» Exercise directions: Leave the pictures out and quote only the lines from the one with "Autumn Harvest Pumpkins" down to the end of the listing below.

» Data section:
---*---
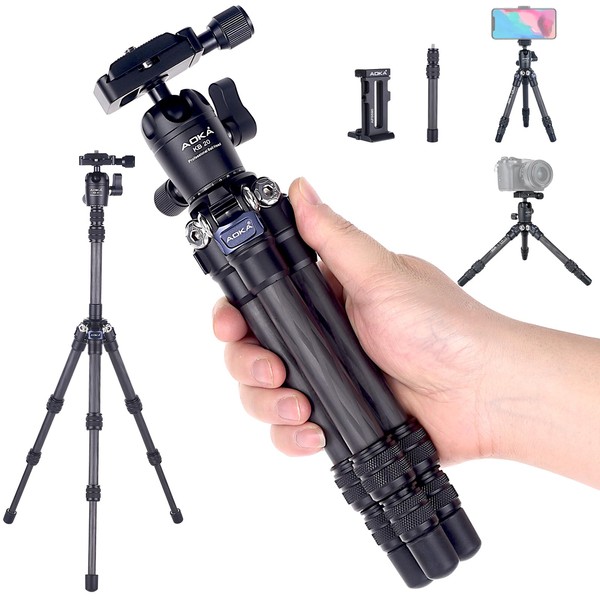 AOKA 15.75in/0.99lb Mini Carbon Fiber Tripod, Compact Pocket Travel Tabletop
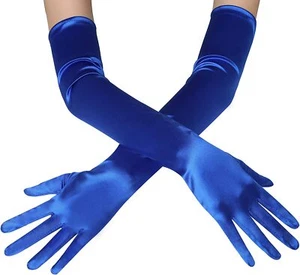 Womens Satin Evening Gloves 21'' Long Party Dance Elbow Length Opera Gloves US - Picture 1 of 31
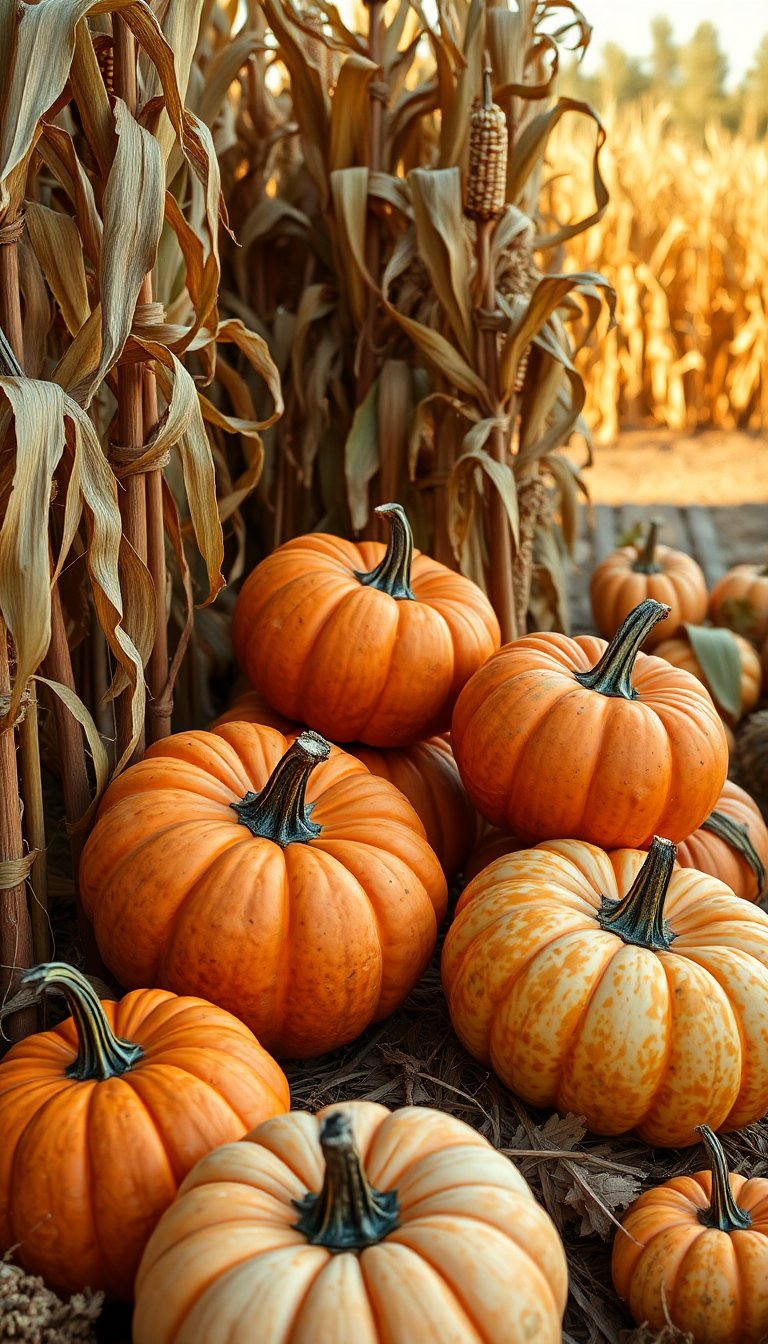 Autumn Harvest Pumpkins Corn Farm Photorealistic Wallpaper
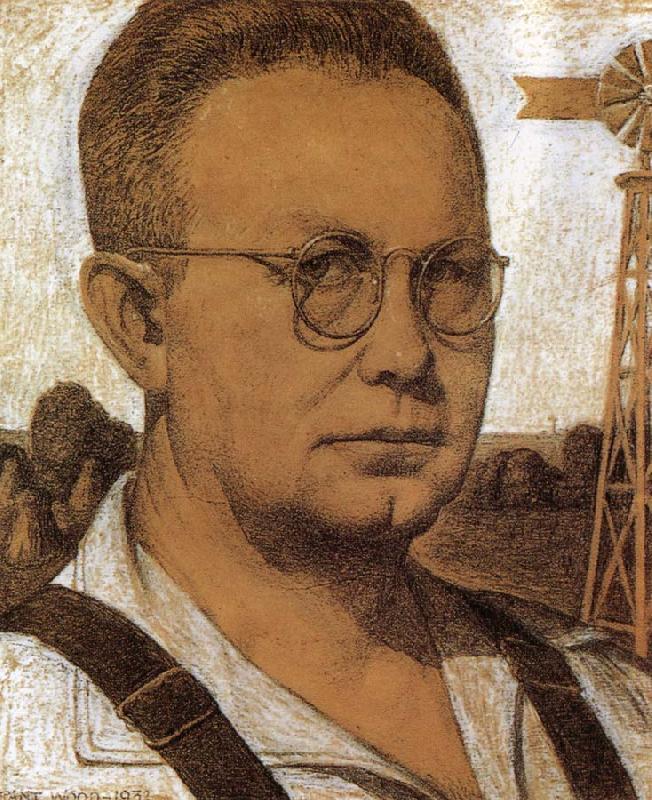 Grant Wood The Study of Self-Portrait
---*---
» Exercise solution:
 Autumn Harvest Pumpkins Corn Farm Photorealistic Wallpaper
 Grant Wood The Study of Self-Portrait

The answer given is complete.